Kevin Drum offered a post today in which he observed the surge of interest in the idea of Nominal GDP (NGDP) level targeting. This is an idea that people like Scott Sumner have pushed for a long time now–a proposal that the Federal Reserve should abandon its practice of simultaneously targeting low inflation, employment, and GDP growth, and instead, it should explicitly target only one metric: the overall level of NGDP.
In his posting, Kevin wondered aloud what NGDP level targeting would mean. In practical terms, what would the Fed actually be doing if they were targeting NGDP levels?
Following is a slightly-cleaned-up/expanded version of a comment I offered in response to Kevin’s question.
I have been bouncing some of this stuff back and forth with Scott on his blog, and here is how I think it all lays out:
1. The direct value of NGDP level targeting (per se) is that it forces the Fed to clearly state what it is shooting for, and it does so in a way that gives them cover to essentially ignore accelerations in inflation that will inevitably come with any resumption of world-wide growth (temporary accelerations that will come from oil-price increases as worldwide demand begins to grow again if nowhere else).
2. Once the Fed identifies the NGDP level targets it intends to shoot for (and once the Fed announces the growth-rate trajectory they intend to pursue to get us back on track) it will become crystal clear if their mix of actions is being successful or not. (This is a huge deal because, today, we really have little idea what the Fed is actually focused on doing.
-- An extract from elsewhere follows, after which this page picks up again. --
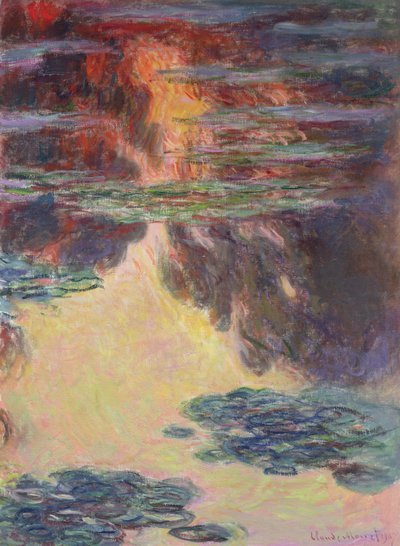 Waterlelies, 1907 (detail) door Claude Monet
They give lip service to promoting recovery, but what they really seem most focused on is keeping inflation below 2%, which essentially means they are focused on not allowing the economy to recover–because oil-price increases that will come with recovery will inevitably push inflation over 2%.)
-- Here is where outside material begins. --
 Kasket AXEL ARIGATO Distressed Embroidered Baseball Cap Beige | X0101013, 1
3. With a target clearly identified, the Fed will essentially be forced to start working through its quiver of tools: things like further quantitative easing (purchases of assets like Treasury bills or mortgage backed securities); shifting their policies regarding paying interest on (or penalizing) excess bank reserves; etc. At the end of this line of tools is the use of outright helicopter drops.
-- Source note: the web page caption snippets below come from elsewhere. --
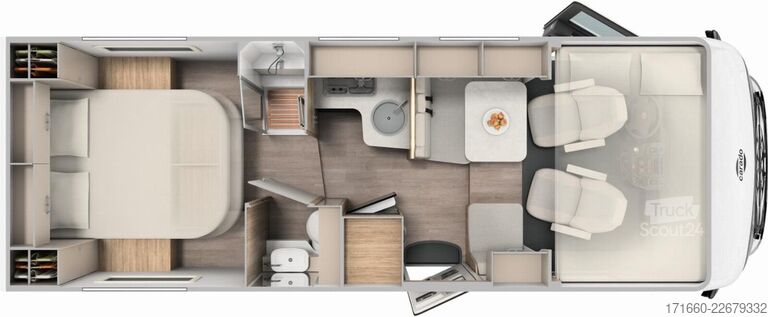 Camper integrado CARADO pro+ I 449 Dachklima, Automatik, TV-Paket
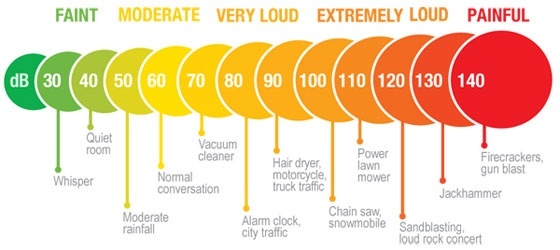 noise level in decibel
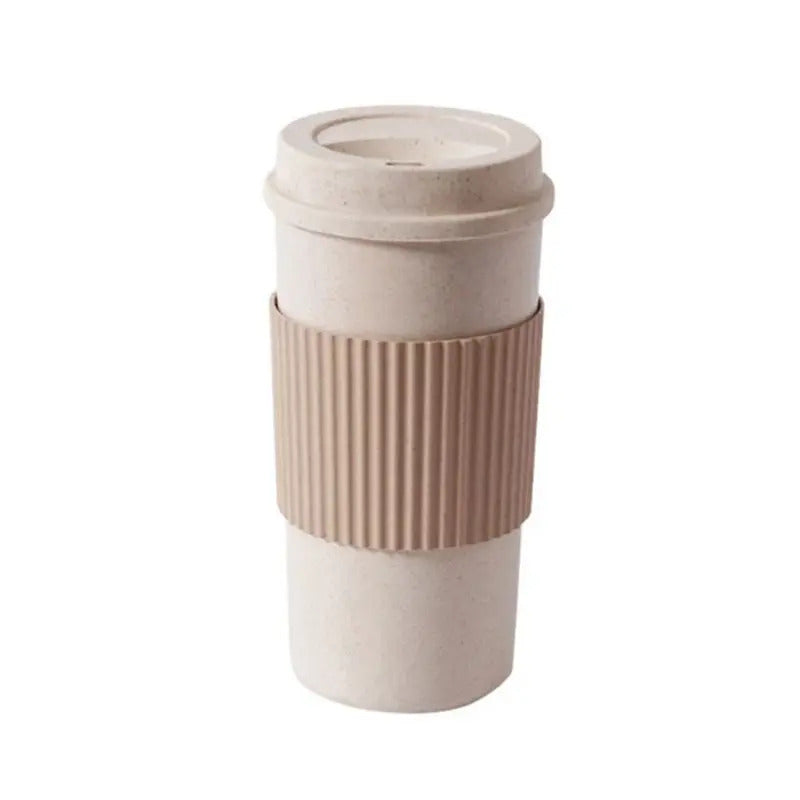 Camping Hiking Wheat Straw Coffee Mug - Front View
Helicopter drops can range from things like putting pressure on banks to refinance mortgages at lower rates even if the mortgage holder has a higher risk of default and/or holds a mortgage that is underwater (an action that puts more dollars in people’s pockets by reducing their monthly mortgage payment) all the way to cooperating with the Treasury along the lines of an idea Matt Yglesius has laid out.
Matt’s idea is that the Fed would buy, say, $300 billion in Treasury bonds and the first thing it would do with those bonds is light a match to them. [Voila, the Fed just created $300 billion out of thin air.] The Treasury now has $300 billion it just raised from their bond sale, and using these proceeds, the Treasury would send a $1,000 check to every man, woman, and child in America. The Fed and Treasury would also announce, up front, that they will continue doing this until they hit their NGDP targets).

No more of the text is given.